In Europe, analog FM and AM are being replicated in the form of Digital Audio Broadcasting (DAB) and Digital Radio Mondiale (DRM). They will coexist with, and eventually replace, analog radio platforms that we have known for nearly 100 years.

A new study from ABI Research, "Digital Radio Automotive Markets" examines the major digital radio protocols and how they address mobile receivers, focusing on automotive markets. It dissects business issues, trends and technological advancements in detail, along with their potential market impact. According to ABI Research's director of automotive research, Frank Viquez, "2004 has been the year that digital radio really started to mature, as broadcasters and equipment vendors witness consumers warming up to the new technology."

Lured by falling IC prices as well as by digital's efficient spectrum use promising more channels and more revenue-driving data services, equipment makers have flocked to the new market, especially in Europe, the current single largest market for terrestrial digital.

Existing satellite broadcasters have not been idle either.

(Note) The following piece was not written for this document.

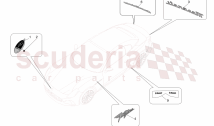 TRIMS, BRANDS AND SYMBOLS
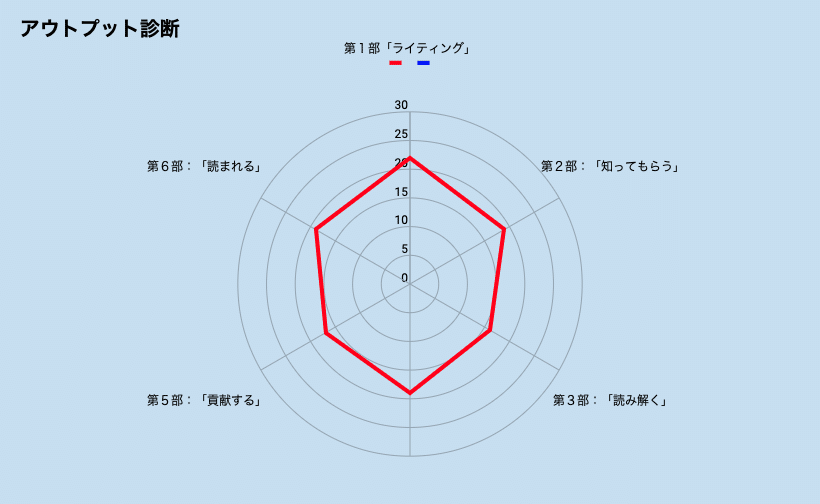 スクリーンショット 2020-08-29 9.31.01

Both Sirius Satellite Radio and XM Satellite Radio are waiting for final regulatory approval to expand their reach into Canada. This year marks the introduction of satellite radio-enabled dynamic navigation services through XM Satellite Radio's new NavTraffic Service. Digital radio's drawcards, explains Viquez, include dramatically improved audio quality, new revenues from specialized programming, and commercial data services such as real-time traffic information.